Cominciamo ricapitolando i fatti.
Mahsa Amini è una ragazza di 22 anni che vive nel Kurdistan iraniano. A settembre parte e va a Tehran in ferie, dove viene arrestata perché ha due ciocche di capelli che escono dall’hijab, il velo che secondo la rigida legge islamica applicata in Iran deve coprire interamente i capelli delle donne. Lei protesta. Alcuni testimoni dichiareranno che viene picchiata, colpita in testa e va in coma. Quando la notizia della morte si diffonde iniziano le manifestazioni. La rabbia è alimentata anche dal fatto che le autorità inizialmente rifiutano di consegnare il corpo della ragazza ai familiari e quando alla fine lo consegnano vietano loro di celebrare i funerali. Del resto si tratta di una consuetudine che riguarda tutti i martiri della persecuzione islamista. Le autorità, infatti, temono che da cerimonie i funerali si trasformino in manifestazioni di protesta.
Che caratteristiche ha questa mobilitazione?

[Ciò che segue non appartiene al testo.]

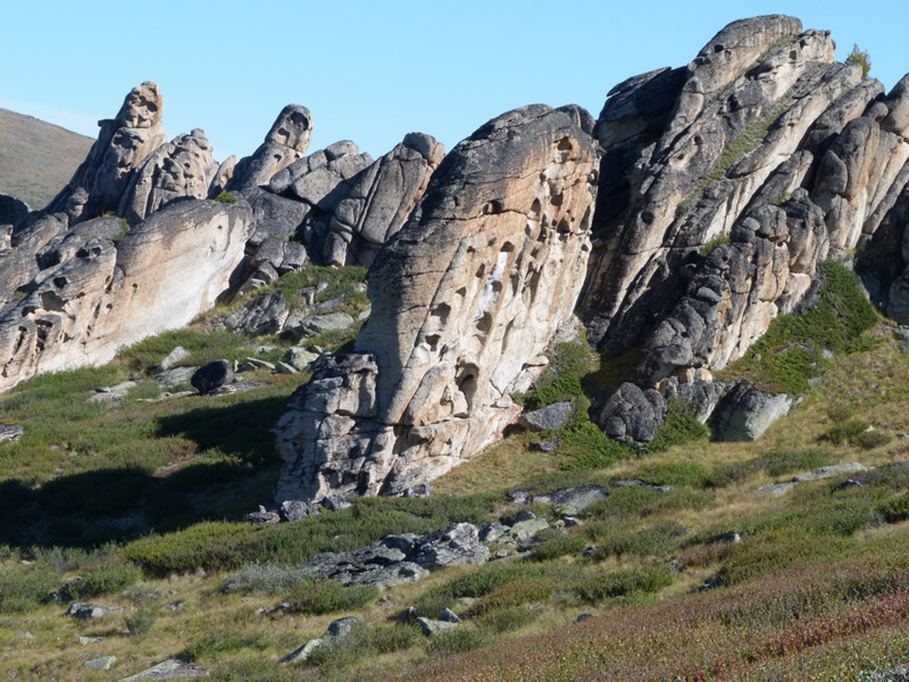 Алтай каменные замки на плато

Ha i tratti di una mobilitazione importante e molto dura. Ci sono morti, feriti e migliaia di arresti, ma è difficile ottenere dati precisi. L’altro ieri, ad esempio, durante la notte sono stati attaccati gli studenti del Politecnico Sharif a Tehran ed è stato un massacro, ma ancora non sappiamo quanti sono stati i morti, perché le forze di sicurezza di solito portano via i corpi delle vittime. La mobilitazione è partita dal Kurdistan iraniano, la regione di origine di Mahsa, per poi estendersi alle grandi città e alle università. Ma ci sono state manifestazioni anche in alcuni centri più piccoli, di solito sfociate nella presa di qualche luogo simbolico del potere centrale, caserme o stazioni di polizia. I comunicati che pubblichiamo ogni giorno sul sito del Consiglio Nazionale della Resistenza forniscono informazioni in tempo reale sull’evolversi delle manifestazioni. In questi giorni, ad esempio, hanno cominciato a mobilitarsi anche alcuni settori di lavoratori. Ci sono stati scioperi degli insegnanti. Qualcuno c’era già stato un paio di giorni dopo l’uccisione di Mahsa, ma ora si tratta di azioni più rilevanti. Anche il bazaar di Tehran è stato chiuso per due giorni. E persino alcuni ambienti intellettuali che finora avevano mantenuto una posizione equivoca nei confronti del regime – diciamo che avevano tenuto i piedi in due scarpe – oggi dichiarano di essere dalla parte delle donne iraniane. Registi, calciatori, giornalisti che finora avevano convissuto in modo abbastanza pacifico col regime oggi cominciano ad assumere posizioni scomode. Un noto conduttore televisivo, ad esempio, ha rilasciato alcune dichiarazioni di sostegno alle donne iraniane mentre si trovava all’estero e quando è rientrato in Iran si è visto ritirare il passaporto.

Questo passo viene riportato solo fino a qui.